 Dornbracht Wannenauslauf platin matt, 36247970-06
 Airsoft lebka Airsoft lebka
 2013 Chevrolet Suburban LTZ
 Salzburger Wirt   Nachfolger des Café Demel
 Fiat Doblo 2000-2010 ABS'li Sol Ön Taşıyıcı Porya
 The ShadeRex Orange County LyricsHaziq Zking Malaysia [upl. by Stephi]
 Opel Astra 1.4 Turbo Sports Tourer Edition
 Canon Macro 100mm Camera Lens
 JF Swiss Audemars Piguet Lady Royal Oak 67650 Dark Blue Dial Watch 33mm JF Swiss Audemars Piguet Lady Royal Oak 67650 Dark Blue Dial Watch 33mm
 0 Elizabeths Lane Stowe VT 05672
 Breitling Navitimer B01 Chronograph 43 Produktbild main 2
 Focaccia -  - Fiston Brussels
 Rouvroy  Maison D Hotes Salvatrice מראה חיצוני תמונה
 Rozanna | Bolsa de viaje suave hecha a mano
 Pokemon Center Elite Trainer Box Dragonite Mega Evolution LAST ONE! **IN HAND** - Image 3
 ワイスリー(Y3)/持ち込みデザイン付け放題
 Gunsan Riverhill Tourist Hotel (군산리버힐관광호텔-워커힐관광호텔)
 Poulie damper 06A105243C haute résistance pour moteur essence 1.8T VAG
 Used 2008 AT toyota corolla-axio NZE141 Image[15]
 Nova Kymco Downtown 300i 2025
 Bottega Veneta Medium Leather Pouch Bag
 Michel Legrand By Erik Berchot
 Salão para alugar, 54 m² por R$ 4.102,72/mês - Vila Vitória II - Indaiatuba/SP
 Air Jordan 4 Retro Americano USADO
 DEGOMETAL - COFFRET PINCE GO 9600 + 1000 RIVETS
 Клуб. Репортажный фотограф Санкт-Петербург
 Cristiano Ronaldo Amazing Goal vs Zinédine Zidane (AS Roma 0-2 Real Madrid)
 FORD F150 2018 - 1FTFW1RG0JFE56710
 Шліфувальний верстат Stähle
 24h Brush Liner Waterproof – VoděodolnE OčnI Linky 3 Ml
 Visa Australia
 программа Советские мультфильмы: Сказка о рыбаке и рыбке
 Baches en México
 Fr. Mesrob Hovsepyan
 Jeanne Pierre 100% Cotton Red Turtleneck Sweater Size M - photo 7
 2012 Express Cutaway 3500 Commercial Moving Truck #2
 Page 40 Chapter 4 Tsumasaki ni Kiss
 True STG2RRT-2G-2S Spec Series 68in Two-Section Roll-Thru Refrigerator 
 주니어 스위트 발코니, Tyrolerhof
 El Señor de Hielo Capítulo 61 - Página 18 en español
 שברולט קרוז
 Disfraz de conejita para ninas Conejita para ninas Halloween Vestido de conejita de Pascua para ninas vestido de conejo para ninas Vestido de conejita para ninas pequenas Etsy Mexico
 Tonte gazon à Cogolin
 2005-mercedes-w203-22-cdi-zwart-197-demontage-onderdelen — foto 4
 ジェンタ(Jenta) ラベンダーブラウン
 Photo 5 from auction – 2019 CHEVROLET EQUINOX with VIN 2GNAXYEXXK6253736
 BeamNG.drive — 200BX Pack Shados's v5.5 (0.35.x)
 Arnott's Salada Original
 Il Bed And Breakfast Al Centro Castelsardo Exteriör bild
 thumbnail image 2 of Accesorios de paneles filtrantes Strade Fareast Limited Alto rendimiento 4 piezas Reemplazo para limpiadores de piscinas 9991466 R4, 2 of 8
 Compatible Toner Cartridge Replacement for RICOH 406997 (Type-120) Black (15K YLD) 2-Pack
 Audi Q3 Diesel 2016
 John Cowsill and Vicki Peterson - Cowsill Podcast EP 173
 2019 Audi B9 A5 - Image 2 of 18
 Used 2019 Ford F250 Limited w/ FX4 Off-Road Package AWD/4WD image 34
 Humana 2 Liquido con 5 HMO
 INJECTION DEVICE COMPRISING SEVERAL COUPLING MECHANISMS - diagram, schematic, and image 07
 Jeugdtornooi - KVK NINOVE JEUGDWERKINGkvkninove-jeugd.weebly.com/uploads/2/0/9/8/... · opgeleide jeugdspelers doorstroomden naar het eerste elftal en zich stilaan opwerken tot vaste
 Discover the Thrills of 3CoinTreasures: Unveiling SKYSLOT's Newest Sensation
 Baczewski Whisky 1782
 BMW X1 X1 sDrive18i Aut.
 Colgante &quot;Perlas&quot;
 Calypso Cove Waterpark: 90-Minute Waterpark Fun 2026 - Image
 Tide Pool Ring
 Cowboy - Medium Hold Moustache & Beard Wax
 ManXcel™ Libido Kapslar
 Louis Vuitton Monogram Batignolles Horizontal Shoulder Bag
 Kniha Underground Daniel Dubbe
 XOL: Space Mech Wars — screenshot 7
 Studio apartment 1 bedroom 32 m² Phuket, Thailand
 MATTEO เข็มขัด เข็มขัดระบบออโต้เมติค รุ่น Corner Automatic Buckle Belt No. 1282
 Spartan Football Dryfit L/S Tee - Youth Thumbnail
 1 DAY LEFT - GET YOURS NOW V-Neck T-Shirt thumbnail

= = =

Taking the material above, report how many of its lines contain the word "Used". Add nothing else.

2